She doesn’t quite do things the way Iris or Pierre did, but it is important to note, that these dogs have been peeing on the carpet for a lot longer than anything I had had to deal with on the day shift. When she came up to me, it wasn’t the “I’m sorry Jeremy, I have to go get that girl!” mentality that Iris brought, but it sounded more like this “That f*cking, f*cked up, f*cker! I’m going out there and kick that f*cking assh*les, f*cking ass, and drag his useless piece of sh*t, f*cking carcass in here! OK???” to which I replied with a “You go girl,” and thus I can only imagine what she said to him. I note that he wasn’t exactly any quicker, but she was riding his sorry ass the rest of the night.
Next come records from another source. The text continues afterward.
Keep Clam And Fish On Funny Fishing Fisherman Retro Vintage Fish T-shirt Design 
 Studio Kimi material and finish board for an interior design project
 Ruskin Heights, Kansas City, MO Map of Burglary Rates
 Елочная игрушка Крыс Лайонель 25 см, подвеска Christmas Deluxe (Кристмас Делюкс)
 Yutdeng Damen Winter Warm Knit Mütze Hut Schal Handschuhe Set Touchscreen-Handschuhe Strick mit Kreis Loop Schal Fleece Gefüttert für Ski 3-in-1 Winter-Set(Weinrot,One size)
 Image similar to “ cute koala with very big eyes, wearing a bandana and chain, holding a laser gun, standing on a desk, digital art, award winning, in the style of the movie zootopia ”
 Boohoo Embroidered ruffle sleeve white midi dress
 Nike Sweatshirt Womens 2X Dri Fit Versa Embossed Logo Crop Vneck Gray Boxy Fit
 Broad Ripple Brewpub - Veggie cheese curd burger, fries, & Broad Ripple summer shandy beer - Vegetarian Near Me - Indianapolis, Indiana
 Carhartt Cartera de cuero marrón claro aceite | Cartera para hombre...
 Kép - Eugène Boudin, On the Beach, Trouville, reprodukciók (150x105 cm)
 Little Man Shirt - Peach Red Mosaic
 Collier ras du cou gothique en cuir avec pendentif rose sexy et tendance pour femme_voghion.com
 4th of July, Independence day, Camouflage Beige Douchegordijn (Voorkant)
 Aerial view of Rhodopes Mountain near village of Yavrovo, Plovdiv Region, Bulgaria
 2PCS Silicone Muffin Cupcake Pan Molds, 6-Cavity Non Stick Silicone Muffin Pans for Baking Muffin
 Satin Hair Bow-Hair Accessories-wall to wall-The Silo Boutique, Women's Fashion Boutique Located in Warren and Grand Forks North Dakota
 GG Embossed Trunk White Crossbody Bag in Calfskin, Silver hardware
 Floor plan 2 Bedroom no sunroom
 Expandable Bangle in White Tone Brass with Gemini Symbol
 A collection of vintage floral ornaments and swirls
If she doesn’t straiten his ass out, then I am sure that he will at the very least quit. This is as good as anything else, because I don’t subscribe to the “Warm Body” theory that my new King prefers to use. I am going to be a miserable jerk for a few weeks I am sure.

Let’s throw out another one of those scenario’s that probably makes babysitting my new King a little bit of a chore. We were a man down, since Corky Pig {named after Corky from “Life Goes On“, and the fact that he steals everyones food constantly}, has come in and left 2 strait nights after he walked in with a tummy ache. This is one of those people we all love. On the table of intelligence, he comes somewhere between “plastic bracelets” and “head cheese.” Worse yet he is that type of stupid, that thinks he’s the smartest person in the room. I don’t mind stupid really as long as they accept it and are ok with it. This moron gets angry when you prove he is stupid, but I am getting off topic, sorry. This problem forces the King to relocate his subjects, me being the Under-Boss will be relocated into one of these positions to fill the void. Now mind you, I am the best fork truck driver in the whole plant. I make everything look easy, and it is just in my nature to do it, and I have been doing it on the other shift. Hell no, he wants the oldest man in the place to do it. This poor guy is terrified of driving the truck and spends his entire night working from so far behind that he usually, just looks scared. He places me in “his” position, which I am ok at, but I do not compare to the man on the truck. Do you see a pattern of how this King operates. Same old bullsh*t I dealt with before. I took to giving the poor guy a 10 minute break every hour, so he could walk around with a soda, and I would catch him up. Here I am again over working. My first official butting of the heads with the person above me has begun, when he told me that I was to let Frank do that job, and stick to my own. My exact words “Your ability to be right all the time, bought you a babysitter, that already can’t stand the way you operate. I am not going to watch you drive that guy insane,” and before I left yesterday, I made sure to give him a 20 minute break, as I totally got him caught up, and left him in good enough shape to hopefully make it the last 2 hours of his day. I stared up at the office window at the new King, as I was walking to the time clock. Superdaddyman, has spoken, and the Pink Mafia is in for a rude awakening.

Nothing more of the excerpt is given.